[[ Given data, beginning ]]

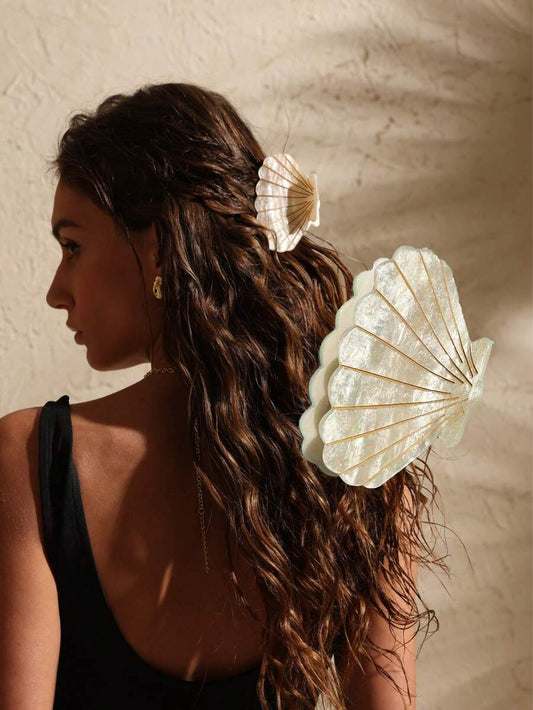 SHEIN Swim Chiccia مشبك شعر أكريليك على شكل صدفة استوائية جامبو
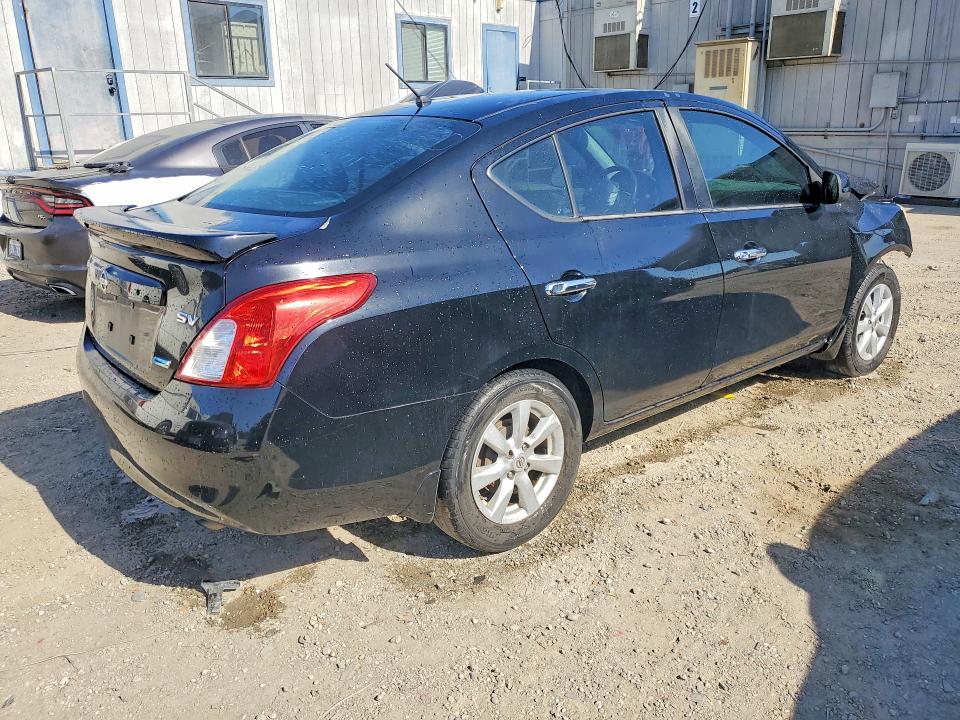 51201796 :رقم المزاد ، 3N1CN7AP2EL844394 vin ، 2014 Nissan Versa مزاد بيع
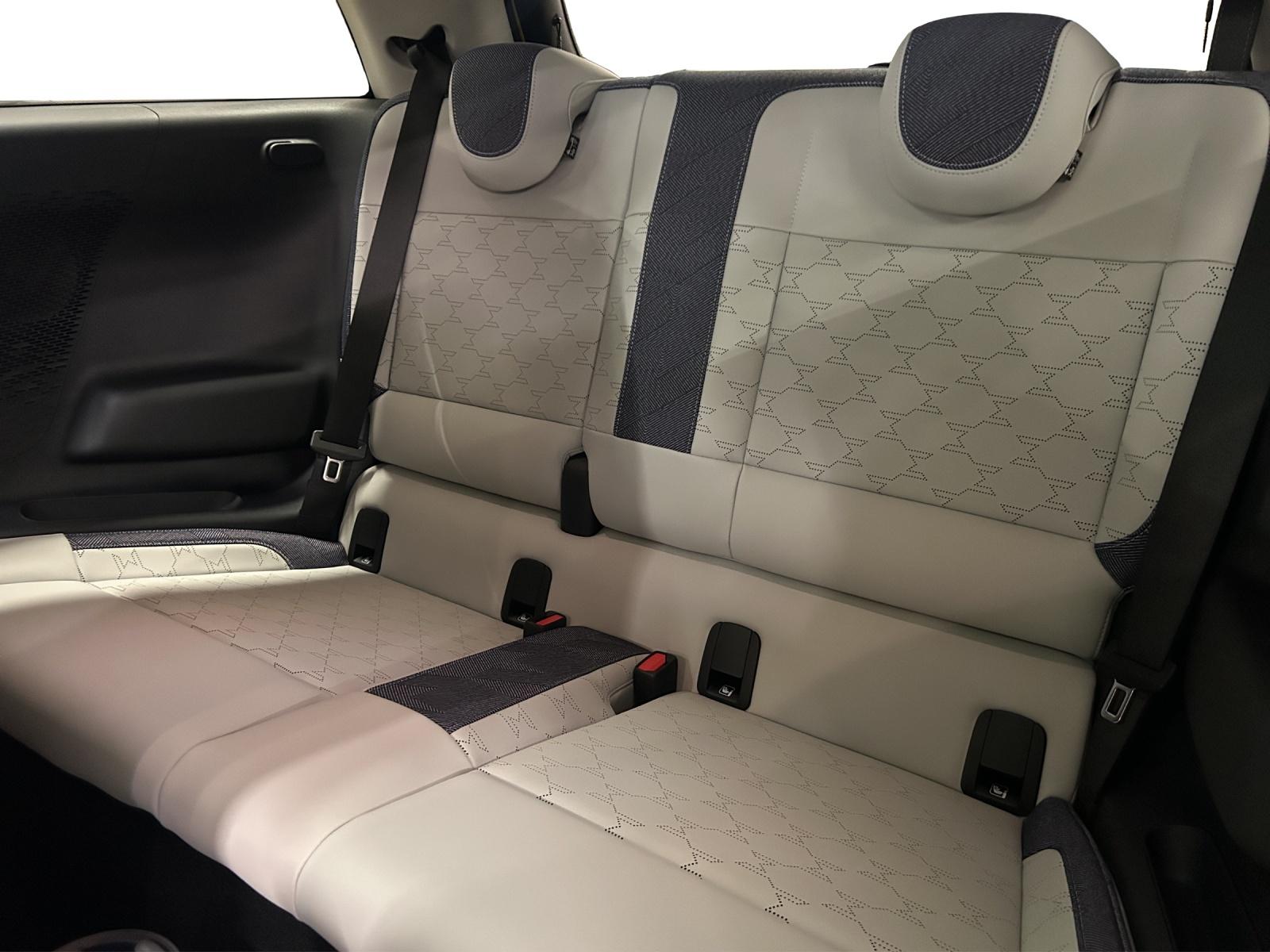 MINI Cooper SE J01-image-24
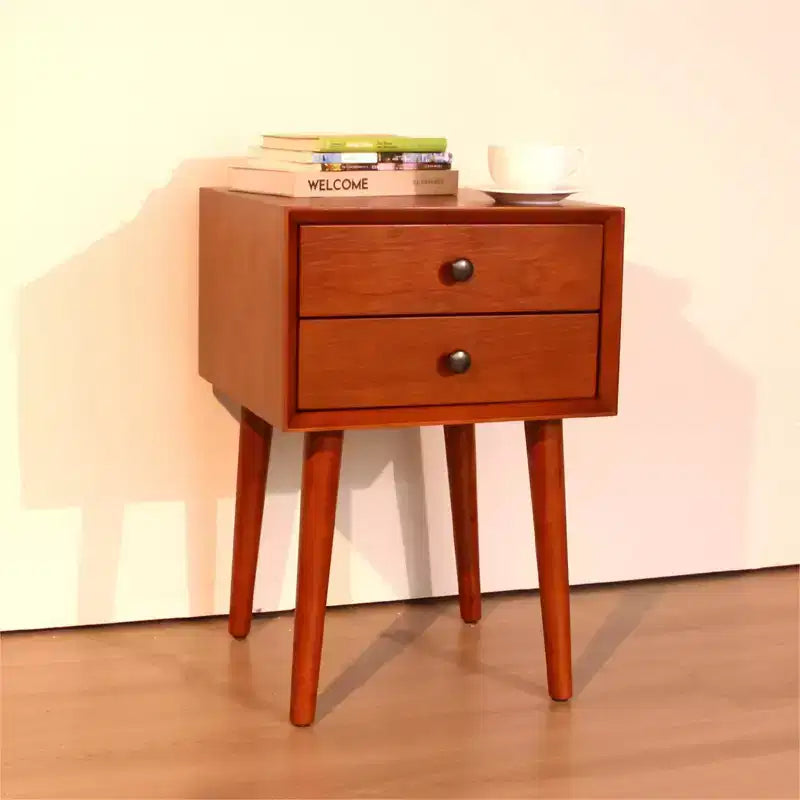 Comodino con 2 cassetti e design frontale angolato per camera da letto o soggiorno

[[ Given data, end ]]

*Aim of the task*. Lines before the one containing "51201796 :رقم المزاد" are not wanted; repeat that line and the rest of the listing exactly, leaving out pictures.

*Expected answer*.
 51201796 :رقم المزاد ، 3N1CN7AP2EL844394 vin ، 2014 Nissan Versa مزاد بيع
 MINI Cooper SE J01-image-24
 Comodino con 2 cassetti e design frontale angolato per camera da letto o soggiorno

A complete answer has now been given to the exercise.